A few years before Charles Rolls met his future business partner, Henry Royce, he went on the record about the potential of electric propulsion. Yep, back in 1900, electrification was very much on the cards, and one half of what would become the world’s pioneering automotive luxury brand was fully on board with the idea—until the oil business did its nefarious thing and steered the new-fangled motor industry toward petrol.
To be clear, the lead acid batteries in those days were huge and not especially efficient, and Rolls had his doubts about the infrastructure that would be required. That remains an issue 120 years later, depending on where in the world you happen to be, but it’s one that most likely won’t trouble the owner of a new Rolls-Royce Spectre. Because, as Rolls-Royce CEO Torsten Müller-Ötvös tells WIRED, the average Rolls client has seven cars in their garage. In a life enviably awash in luxury, being able to flit between the Ferrari, Range Rover, or electric Rolls-Royce is merely one of the day’s less taxing decisions. A car to fit every occasion, then.
The Spectre has been a long time coming. The company dabbled with a BEV back in 2011, but while the Phantom one-off may have offered proof of concept, it also had a negligible sub-100-mile real world range. In 2016, the full quota of brave pills resulted in the visually outstanding, outlandish 103 EX concept. Only now, says Müller-Ötvös, are the worlds of Rolls-Royce and electrification finally converging. The Spectre is the result.

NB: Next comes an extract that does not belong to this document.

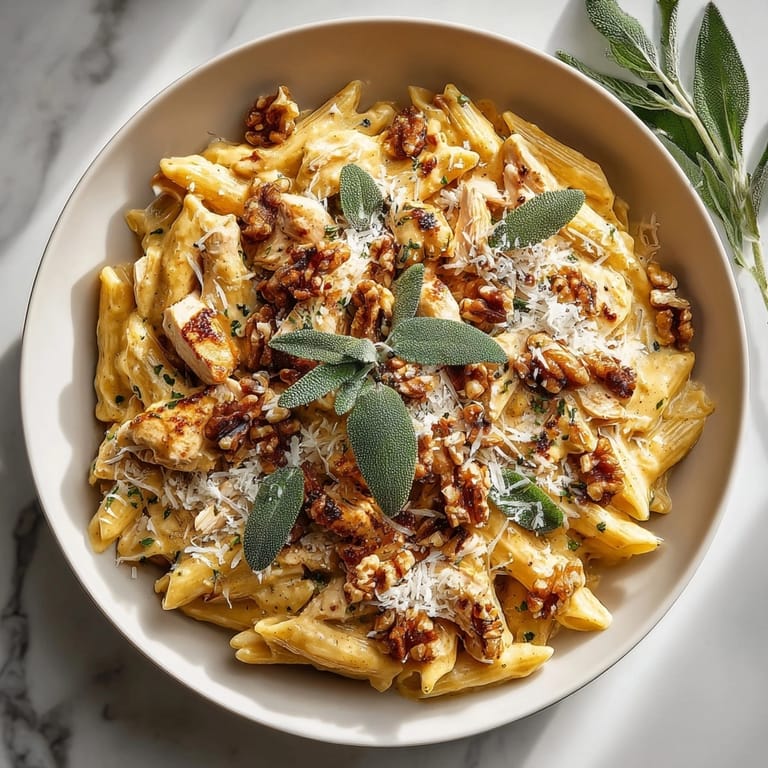 Warm autumn-inspired creamy pumpkin chicken penne garnished with extra Parmesan and fresh herbs.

It’s a giant four-seater super-coupe, effectively replacing the old Phantom Coupe (now an appreciating asset) and the smaller Wraith. Rolls has successfully reduced the age of its average customer from 56 to 42 during the past decade, a demographic repositioning assisted by the boom in the tech sector and the popularity of the brand among hip-hop’s leading lights. The Spectre will only accelerate that, for this is arguably the most handsome car the company has made since the company’s late-’90s acquisition by BMW.
Silent Running
It’s a huge statement, in every sense, measuring 5 meters in length and sitting 2 meters wide. From behind the wheel, the super-yacht parallel is clear: You don’t drive a Rolls-Royce so much as issue commands from the cockpit and chart a course past the little people. A degree of chutzpah is needed here for sure.